The organization you run just knocked off the Miami Heat in the opening round of the 2018 NBA Playoffs with 4 wins against Miami's 1 win, and so preparations begin for the next round on the path to a possible slot in the NBA Finals. But Philadelphia 76ers and Harris Blitzer Sports & Entertainment CEO Scott O'Neil is focused on something else this Thursday. He's fixated on what it means to be a working parent.

O'Neil has been a working parent since he was 30-years-old, serving as President of a small start-up called HoopsTV. That project ultimately failed, but O'Neil didn't.

Today is Take Your Child to Work Day, which has special meaning to O'Neil and his organization.

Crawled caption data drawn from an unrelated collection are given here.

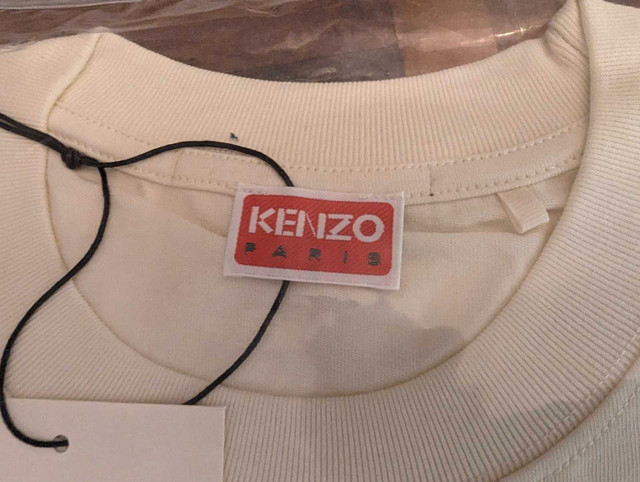 Kenzo T-shirt  dans Hommes  à Laval/Rive Nord - Image 3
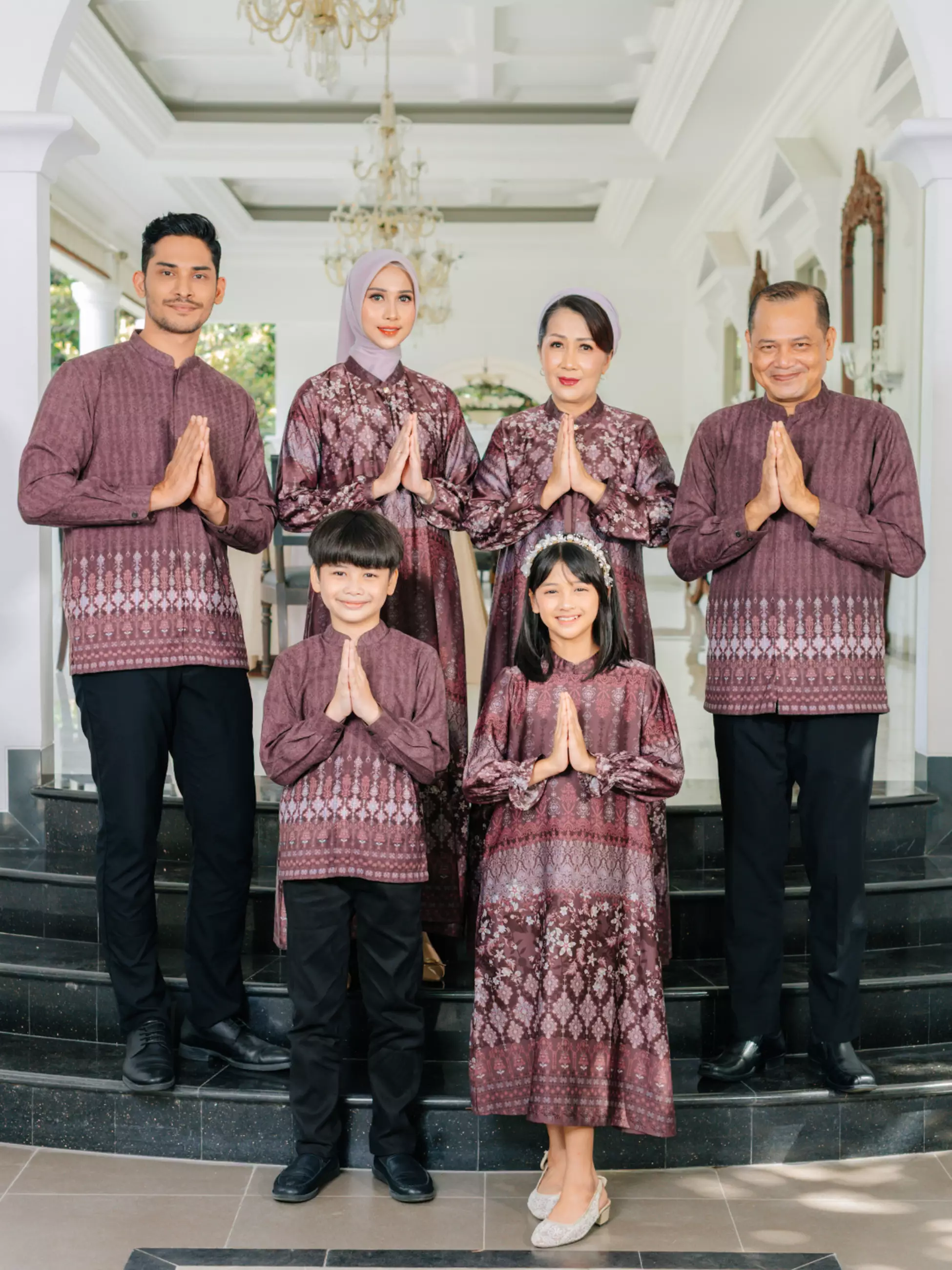 Almeera Burgundy Kemeja Batik Koko Furing Anak Pria Lengan Panjang Regular Fit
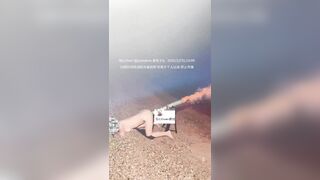 Bắn pháo hoa kiểu này độc lạ thật đúng là chỉ có bên tung của thôi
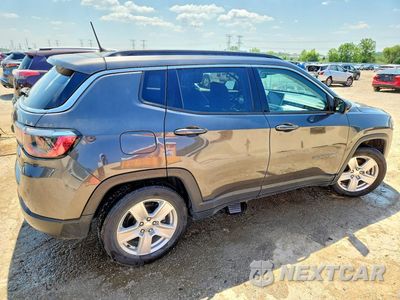 Trzecie zdjęcie samochodu z tyłu: 2022 JEEP COMPASS LATITUDE VIN:3C4NJCBB8NT218183 - miniatura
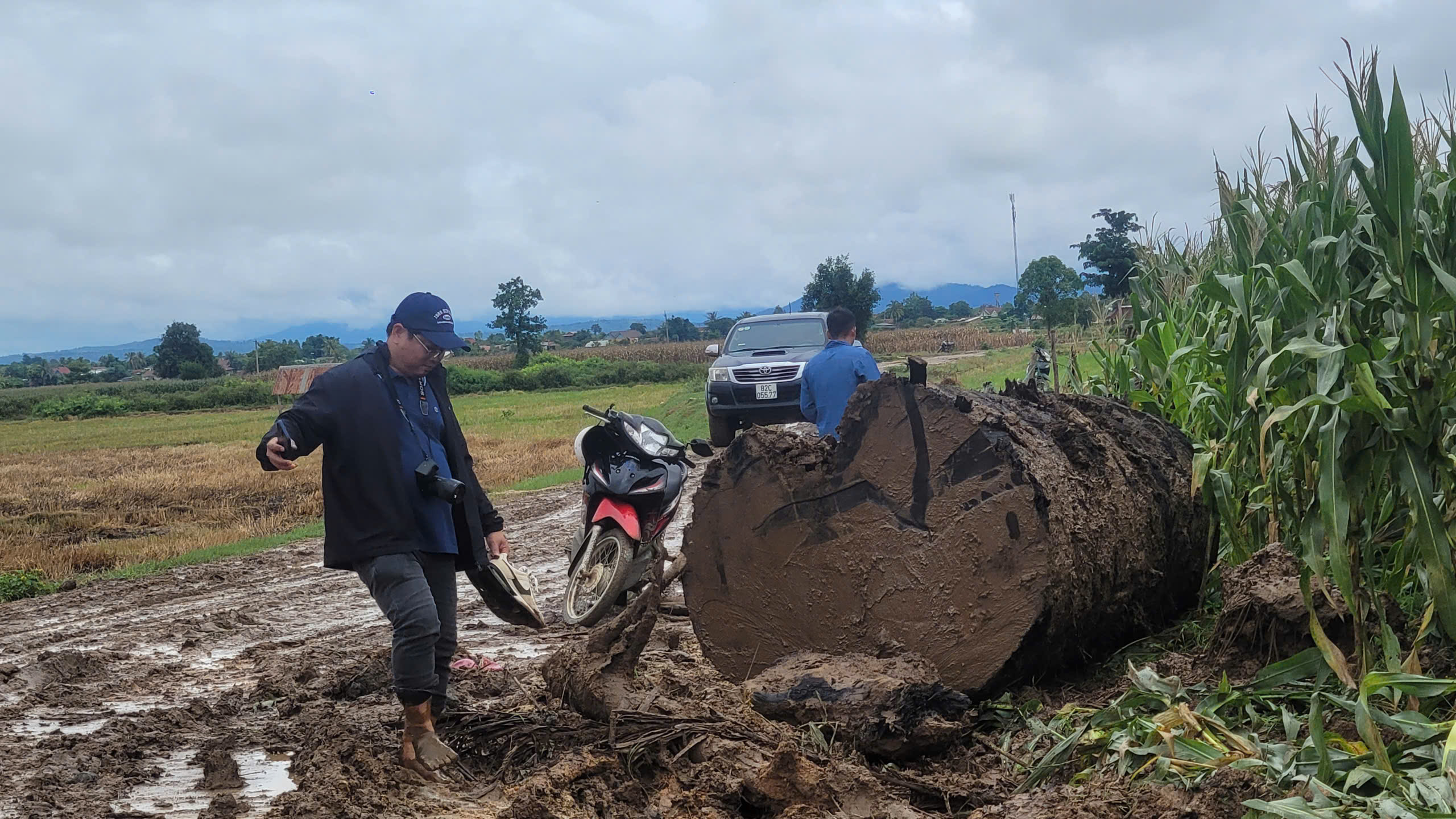 Giao công an làm rõ nhóm người lạ đưa xe múc đào bờ sông Ayun để lấy gỗ 'khủng' - Ảnh 1.
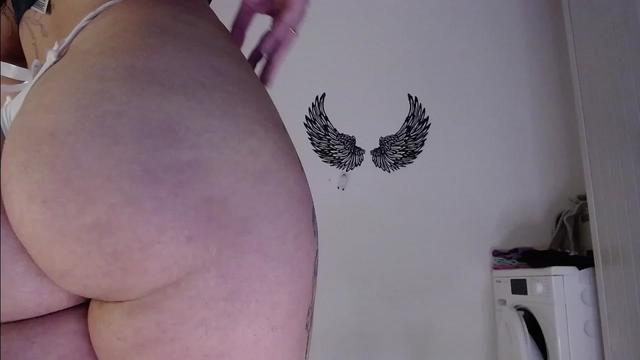 Gallery image thumbnail from Remi_ivy's myfreecams stream on, 01/08/2024, 15:20 image 13 of 20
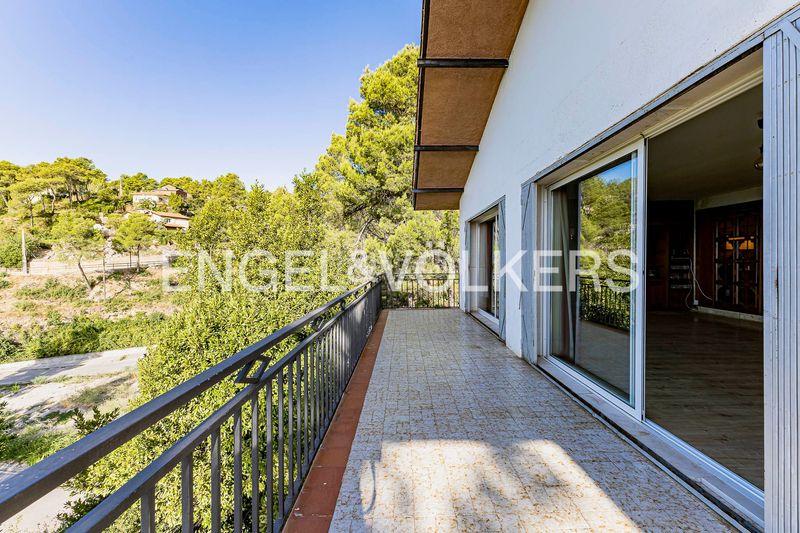 Foto 352298ca-cbe5-4d63-99ae-0dc40e2fa0e8. Casa amb calefacció aparcament a Corbera de Llobregat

I stole some time from him to learn about why the day is so special and how he believes others can learn from the 76ers when it comes to promoting working parents' relationships with their families.

1. Leaders need to be more flexible, supporting and compassionate with working parents.

"Parents working in the sports industry know that they will exchange a few bedtime stories for tip-off, or a puck drop - but we ask ourselves every day how we can be more flexible, supportive and compassionate, to help them achieve their ideal balance," says O'Neil. "The vision for a culture that celebrates working parents comes from our Managing Partners, Josh Harris and David Blitzer, who have ten children between them who have hustled to their share of school plays or little league basketball, baseball or hockey games."

Harris and Blitzer often even bring their children to important post-game press conferences and O'Neil says that the organization is run like a family business. Every employee is given playoff tickets and encouraged to bring their families down onto the court for pictures.

2. Leaders must understand that there is no ideal working situation for working parents.

"There is a perception, and perhaps a reality, that the demands of the sports industry are not ideal for the working parents - late games and events, post-game press conferences until midnight, early mornings on the ice - and some of those time commitments we simply cannot change," says O'Neil. "We have a responsibility to the younger generations of executives within the industry to create a culture in our organization that celebrates working mothers and fathers, their families and their ambitions to be extraordinary in both."

This holds true even for working parents outside of sports who are often challenged by long and/or inconvenient working hours as compared to when their children are either in school or at home. While it is tough to negotiate a change of working hours with employers, those managers can be convinced to at least understand and appreciate the complexities involved in having a job and needing to cater to loved ones.

3. Leaders should not only demand focus from working parents while at work, but also at home.

"For better or worse, the world is elastic today, I've done my share of Saturday afternoon conference calls timed to the half-times of Josh (Harris) and David's (Blitzer) kids' basketball games," says O'Neil. "The same technology that receives such censure when your phone rings in the middle of a Girl Scout Bridging ceremony, becomes the hero when it enables me to take two conference calls outside the gymnasium prior to coaching my daughter's basketball practice and be fully present when I blow the whistle to start practice. I'm 100% present with them."

The 76ers organization stresses the importance of being present to its employees. It has a "no phones" policy for organizational meetings, but the same rule applies when workers are with their children. There is a concept that you can bring your children to work, but also bring your work to your children, incorporating them in all aspects of your life.